By Mark Shenefelt - | Aug 9, 2022

Photo supplied, Weber County Jail

Mauren Wall

OGDEN — Judge Reuben Renstrom said he was impressed that jailers had written character letters in support of Mauren Wall, who came before him Tuesday for sentencing in the nearly fatal shooting of an Ogden man.

“You come from a very strong home,” the judge told Wall. “Most of the inmates do not come from strong homes.”

Wall tearfully read to Renstrom excerpts of the letters that Weber County Jail deputies had submitted to Renstrom, hailing her compassionate focus on other inmates during her more than 500 days of incarceration.

“While I sympathize with all of that,” Renstrom told her, “this is not just about learning one’s lesson. It is also about punishment for committing a crime, and the aggravated nature of injuries caused.”

Charging documents said Wall, 32, of Porterville in Morgan County, allegedly entered a Brinker Avenue house without permission on Jan. 12, 2021, was confronted by a woman who arrived home, then drew a handgun and shot a man “who tried to escort her off the property.”

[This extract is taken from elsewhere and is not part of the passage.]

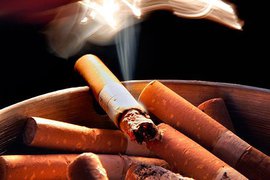 "Курилки" возвращаются в аэропорты и на вокзалы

Renstrom sentenced her to five years to life in prison each on charges of aggravated burglary and aggravated robbery and one to 15 years each on charges of aggravated assault, use of a firearm by a restricted person and obstructing justice. All the sentences will run concurrently. Renstrom also closed two probation violation cases against Wall.

“You’re going to prison and you’re going to thrive there like you did in the jail,” Renstrom told Wall. “I would be remiss if I turned a blind eye to the catastrophic injury that occurred here.”

The 41-year-old man who was shot told the court that the shooting “has significantly changed my life. I walk with a limp and I am in pain constantly.” He said he had to change careers because he can no longer do hard labor.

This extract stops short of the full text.